Timeline of Jiuzhai Valley National Park:
1978: Part of the area was protected as a nature reserve after heavy logging which began in 1975. The State Council issued its approval document for the Report on Strengthening the Works of Conservation and Domestication of Giant Pandas, and the report on establishing the Nanping-Jiuzhai Valley Nature Reserve.
1982: The site was proposed as an area of Scenic Beauty and Historic Interest (National Park) by the State Council of the Chinese Government.
1984: Jiuzhai Valley National Park Administration Bureau was established.
1992: UNESCO experts concluded that Jiuzhai Valley “is an incredible place of great natural beauty.

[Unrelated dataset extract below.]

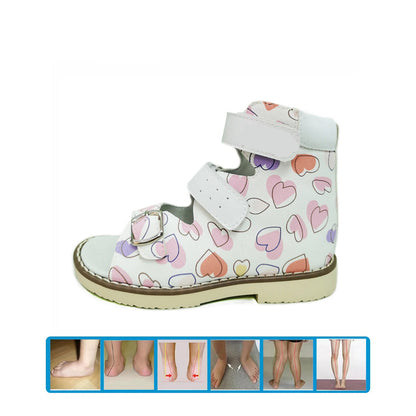 Graffiti Print Kids Girls Flatfoot Leather Shoes childrensterritory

It meets the full standards and terms for the Natural Heritage” and was named a UNESCO World Heritage Site.
1994: The Chinese government named Jiuzhai Valley a state level Forest and Wildlife Nature Reserve and state level Nature Reserve.
1998: Jiuzhai Valley National Park was issued with the Man and Biosphere credential by UNESCO.
2002: Jiuzhai Valley National Park passed the authentication of the Green Globe 21.
2002: Jiuzhai Valley National Park suffered no physical damage in the May 12th Sichuan earthquake but the local economy was badly affected by the resulting downturn in tourism.
The locals people of Jiuzhai Valley are Tibetan and thus speak the Tibetan language. The local Jiuzhai Valley Tibetan dialect is different to the Lhasa and Amdo Tibetan dialect of the grasslands. The dialects are so different that local people who only speak the local dialect would find it difficult, if not impossible, to communicate (verbally) with people from Lhasa, Aba Town or Qianghai who are not familiar with the Jiuzhai Valley dialect. As the area is increasingly exposed to the outside world, middle-aged and younger people have begun to speak mandarin Chinese. A few Tibetan words will still be lots of fun during your visit.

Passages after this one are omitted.